Au Chili et au Kazakhstan, la France tente d’exporter ses compétences via un « simulateur de ville »
Les urbanistes étudient-ils les sites sur lesquels ils vont intervenir ? Il faut espérer que oui. Disposent-ils pour orienter les choix politiques et sociaux d’une municipalité de toutes les données nécessaires à l’analyse de villes déjà construites ? Savent-ils combien de bâtiments existent, quelle est la densité de la population, où sont les écoles, quelle distance sépare les stations de métro, combien de carrefours permettent de réguler la circulation, quel est le pourcentage d’espaces verts, la longueur des rues ? Où sont les réseaux d’eau, les conduites de gaz, quel est le revenu moyen de la population et qui a accès à un téléphone portable ? Rarement. Car ces informations appartiennent à des administrations qui n’ont ni toujours besoin ni souvent envie de les partager.
Depuis près d’un an, deux groupements d’entreprises françaises travaillent à la fabrication d’un « simulateur de ville durable ». Une sorte de grand mixeur capable d’absorber toutes ces données jamais quantifiées, ni donc utilisées, d’en tirer de nouveaux indicateurs, et de les représenter par une maquette virtuelle. Le premier, mené par Artelia et Veolia avec Siradel, a choisi la capitale chilienne comme terrain d’expérimentation grandeur nature. Le second, mené par Eiffage, Egis et GDF Suez, travaille sur la ville d’Astana au Kazakhstan, avec Enodo aux commandes numériques. La maquette de Santiago n’est pas achevée, mais il sera bientôt possible, d’un clic, de voir s’afficher sur un écran, sous forme d’histogrammes ou d’aplats de couleur et avec une grande précision, toutes les facettes de la ville.
L’intention est louable de passer d’intuitions plus ou moins vérifiées à des certitudes. Mais l’urbanisme n’est pas une science exacte et la reproduction de modèles peut, dans des cultures, des géographies et des contextes différents, mener à des catastrophes, qui pourraient marquer le territoire pour des décennies.
« Le premier résultat de notre travail est sans doute de faire communiquer des gens qui ne se parlent jamais et gèrent pourtant la même collectivité », explique Antonio Frausto, le responsable du projet pour Arte Charpentier, l’une des deux agences d’architecture retenues pour le projet de Santiago. La ville souhaite couvrir le tronçon de l’autoroute panaméricaine, qui la coupe en deux, et relier des quartiers historiques séparés depuis des décennies. « Le simulateur n’invente pas le programme et ne fabrique pas le projet, c’est une boîte à outils très précieuse pour nous aider à mieux le définir, poursuit-il. Le croisement de données aboutit parfois à des indicateurs auxquels nous n’aurions pas pensé et qui peuvent orienter des décisions politiques. » « Nos idées, comme celles de la ville, ne doivent pas être trop influencées par les informations que nous récoltons, mais cette connaissance améliorée du territoire sous tous ces aspects rend peut-être nos choix plus légitimes », poursuit Mariano Efron, qui suit le projet pour Architecture Studio.
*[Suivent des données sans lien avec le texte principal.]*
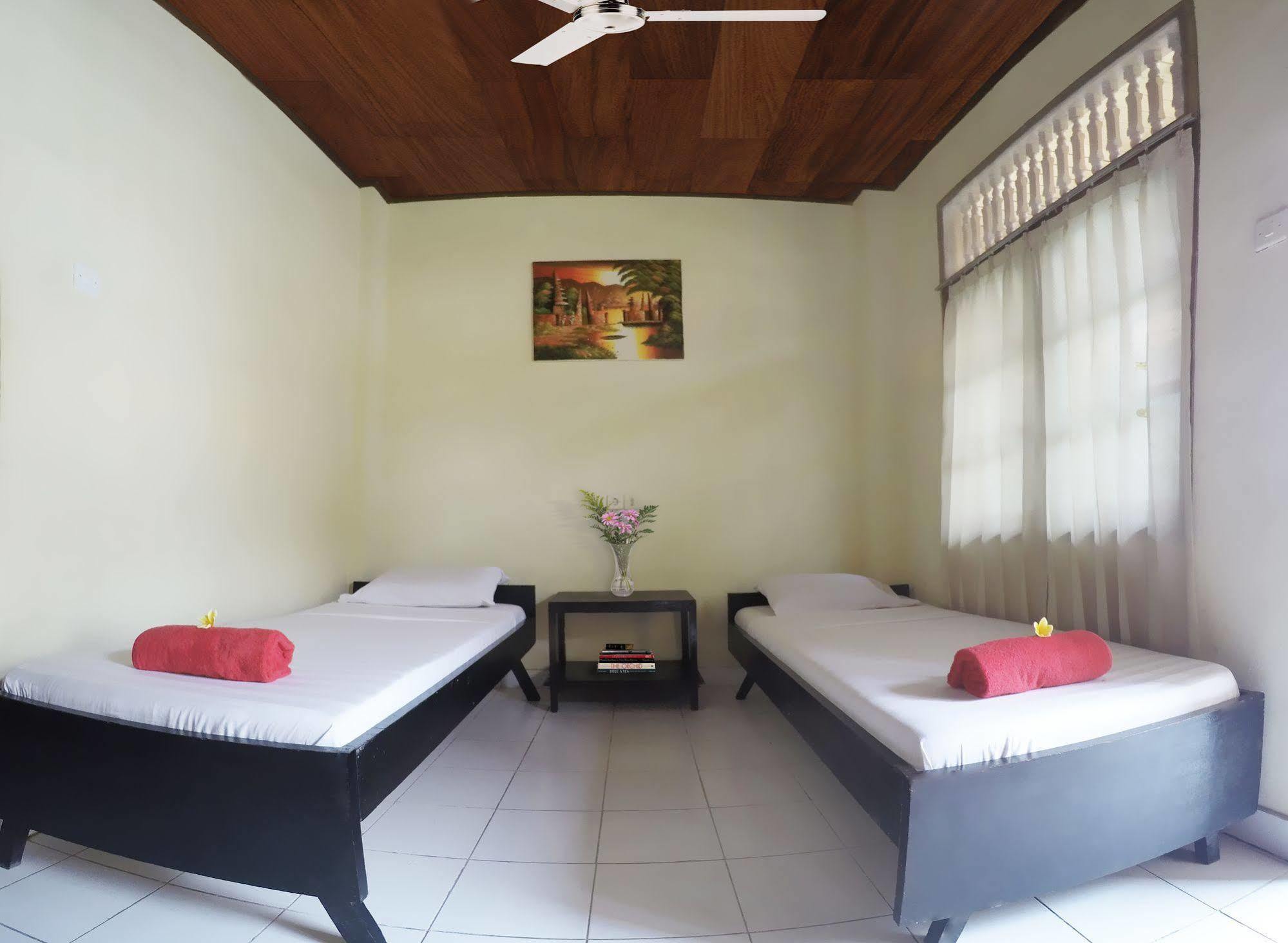 Bali Manik Beach Inn Kuta Lombok Zewnętrze zdjęcie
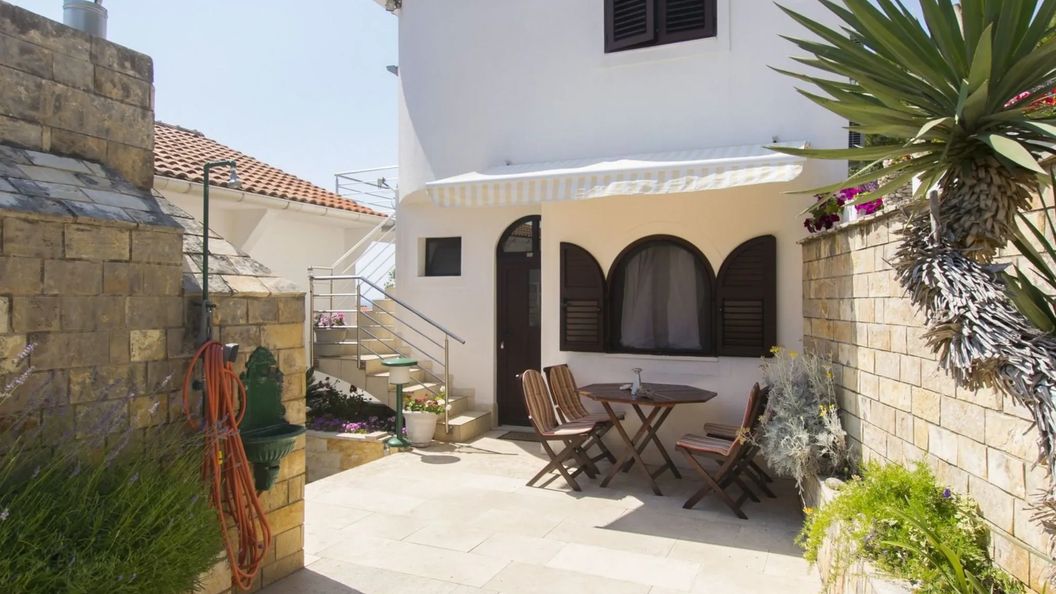 Apartments Danica Murter (1)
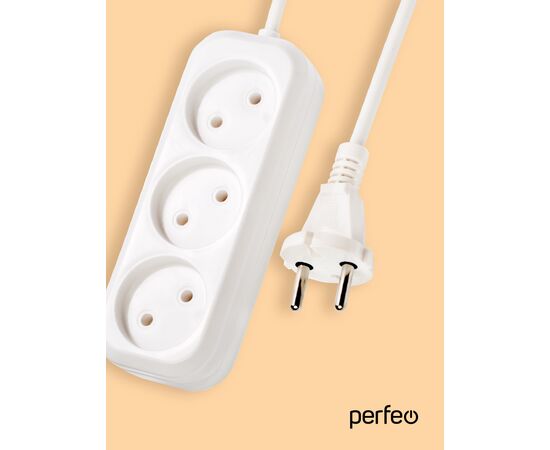  Сетевой удлинитель без заземления Perfeo "RU POWER", 5,0м, 3 розетки, белый (Р16-012) 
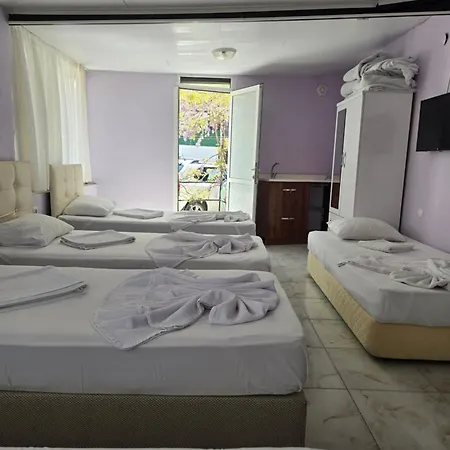 Rum i privatbostad Cesme Pansiyon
Au Chili comme au Kazakhstan, l’idée est d’aboutir à un projet de ville durable, même si ce concept ne répond pas à une définition précise. « Nous avons travaillé sur 11 « clefs » recouvrant des indicateurs beaucoup plus nombreux sur lesquels tout le monde s’accorde : la densité, la connectivité, la mobilité…, explique Antonio Frausto. Le simulateur devrait permettre d’en ajouter quelques autres. » Le grouvernement français finance les groupements à hauteur de 2 millions d’euros via le Fonds d’étude et d’aide au secteur privé (Fasep). Des opérations tout bénéfice pour Santiago, qui veut réaménager son coeur de ville, et Astana, qui accueillera l’Exposition universelle de 2017. Côté français, l’objectif est clair : mettre en avant l’offre nationale de développement urbain durable, censément excellente. « Le savoir-faire des entreprises françaises est reconnu dans tous les secteurs, que ce soit l’urbanisme, l’architecture, l’ingénierie, la gestion de l’eau, des déchets, la mobilité urbaine… Mais on nous reproche de ne pas avoir une offre groupée », regrettait Nicole Bricq, lorsque, ministre du Commerce extérieur, elle détaillait l’appel à projets lancé en juillet 2013.
Comme dans d’autres pays réputés plus offensifs sur le terrain de l’export, les industriels, ingénieurs, architectes, grands groupes, entreprises de taille intermédiaire et PME sont invités à se fédérer pour proposer une offre globale et intégrée. Les deux maquettes virtuelles devraient être achevées et dévoilées au mois de mars.